Мужчина не выдерживает и тоже вскакивает с бревна, поваленного вокруг обожженного клочка земли, где сейчас, в такую жаркую погоду, никто не стал разводить костер.
– А животное… а человек?! – встряхивает незнакомец рукой. – Уж, небось, не из земли-то растет! И поливать не нужно! И без солнца-то он не мрет! Так чего же человек и твари всякие?!
Старик подходит ближе и снова мягко улыбается, растеряв задумчивость и уже зная ответ на этот вопрос.
– А разве же не ешь ты плоды дерев, взращенных в земле? – спрашивает он. – Разве же не ешь другие растения? Рыб и других животных? Разве не питается человек ровно тем, что из себя и представляет землю, ветер, огонь, воду и душу? Разве не пьешь ты воду? А ежели пожелаешь без нее обойтись, так долго ли жизнь твоя продлится?
Один из пастухов, открыв рот, вытягивает ладонь, но ничего не говорит. Он берется за лицо и начинает мять щеки, а глядит с таким изумлением, будто до сего момента сам он целиком и состоял из дерева, но, наконец, прозрел.

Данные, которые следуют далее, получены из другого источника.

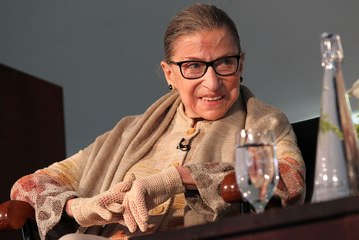 Justice Ginsburg skips out on Trump’s first speech to Congress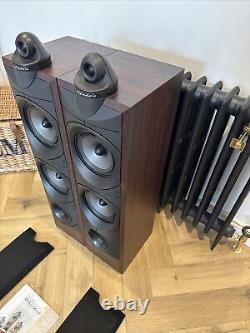 Wharfedale Modus Eight 125W Floor Standing Speakers Vinatge Hifi Walnut YORK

Лопоухий ничего ответить не может. Только смотрит недовольно, тихонько пыхтит и, кажется, сердится. Как вдруг, старик рассмеивается, и все, в том числе и сам Исэндар, продолжающий наблюдать из своего укрытия, застывают в недоумении.
– Ха-ха-ха!
Отец мальчика подступает к мужчине, а тот поначалу даже отшагивает, будто ждет драки. Старик же размахивается и слабо, но уверенно бьет лопоухого по плечу, сжимает ладонь и глядит по-дружески весело.
– Ты пойми меня, друг, я уж стар, – выдыхает он устало. – Уж не могу я отыскать слов, которые бы заставили меня усомниться в своих мыслях. Прав ли я, или же нет… так бывало прежде. В голове молодой и мысли кипят, словно в котелке, где еще только варится свежая кость. Да вот только суп густеет все больше, а бурлит оттого все слабее. И я, как тот суп, уж и меня пора бы съесть и переварить, а потому не могу я спорить, и то должны делать вы.

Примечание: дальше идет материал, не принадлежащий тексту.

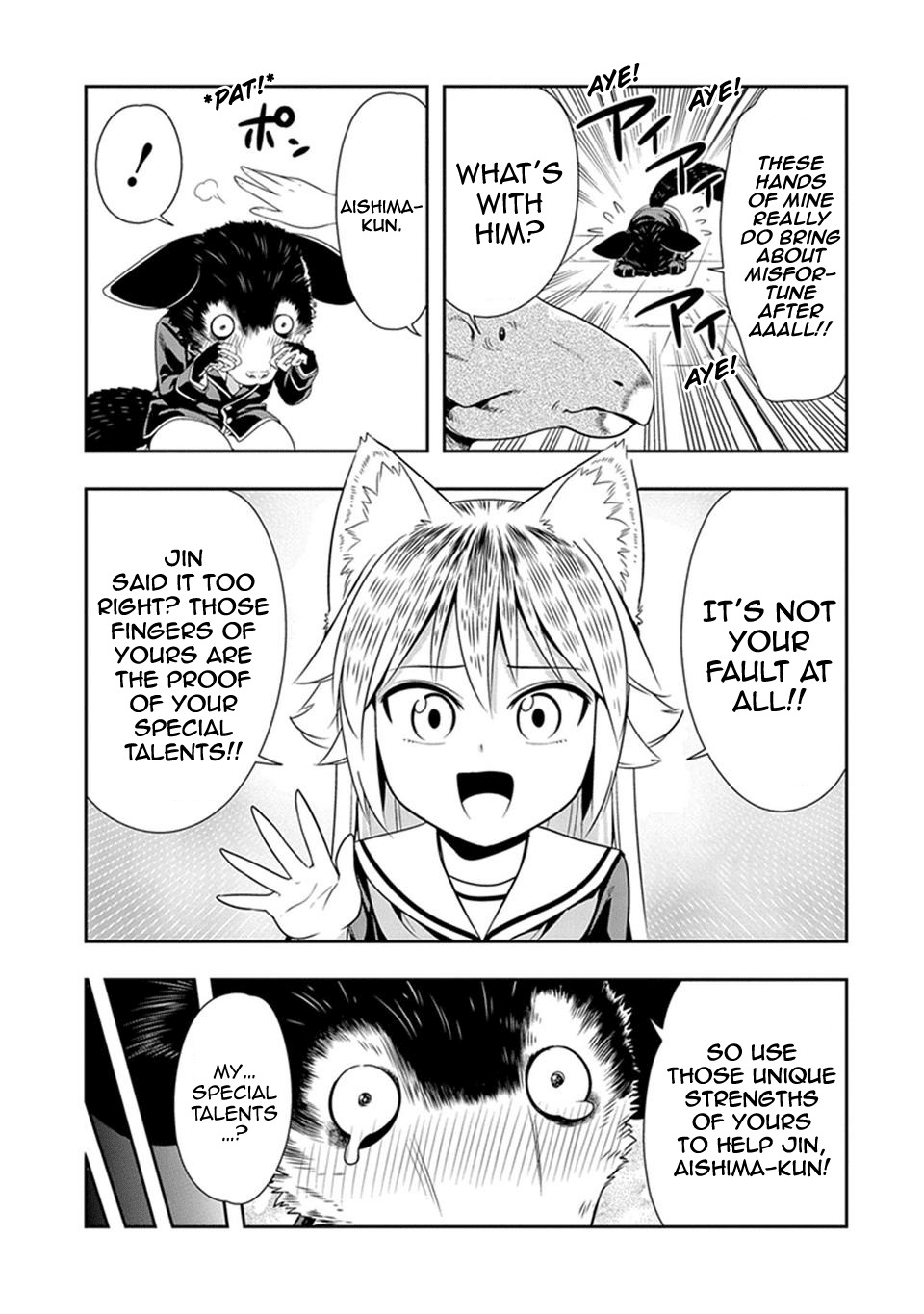 Murenase! Shiiton Gakuen Chapter 15 page 17 - Chapter 15: I Am an Aye-Aye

Он оборачивается к двум другим собеседникам, отшагивает и становится так, чтобы можно было оглядывать всех троих разом, не мотая головой, а лишь слегка подвигая глазами. Расставив руки, говорит он теперь с особенным жаром, от которого глаза пастушьи искрят и поблескивают.

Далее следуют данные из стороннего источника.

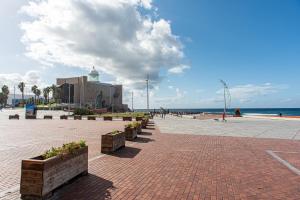 Γενική θέα στη θάλασσα ή θέα στη θάλασσα από  αυτό το διαμέρισμα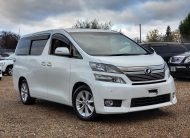 2013 FRESH IMPORT TOYOTA VELLFIRE ALPHARD L PKG 3.5 V6 AUTO 7 SEATER ULEZ FREE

– Пусть же бурлят умы в ваших головах! – с жаром, мощным голосом, громко и даже яростно заявляет отец Исэндара, что пастухи даже выпрямляют спины, а у мальчишки съеживается кожа и от плеч к пояснице волнами бегут мурашки. – Найдите же истину, которую мне постичь не дано! Ищите! Вгрызайтесь! Скажите мне такой вопрос, чтобы я никогда не смог на него ответить! А тогда… – снова на лице старика появляется улыбка, легкая и спокойная, голос становится тише, а взгляд с тем же добродушием ищет в простых, тупых лицах пастухов что-то, чего найти в этих лицах никогда не получится. – А тогда сами вы будете должны искать ответы, для которых уж слишком густ и неподатлив стал с годами бульон моего ума.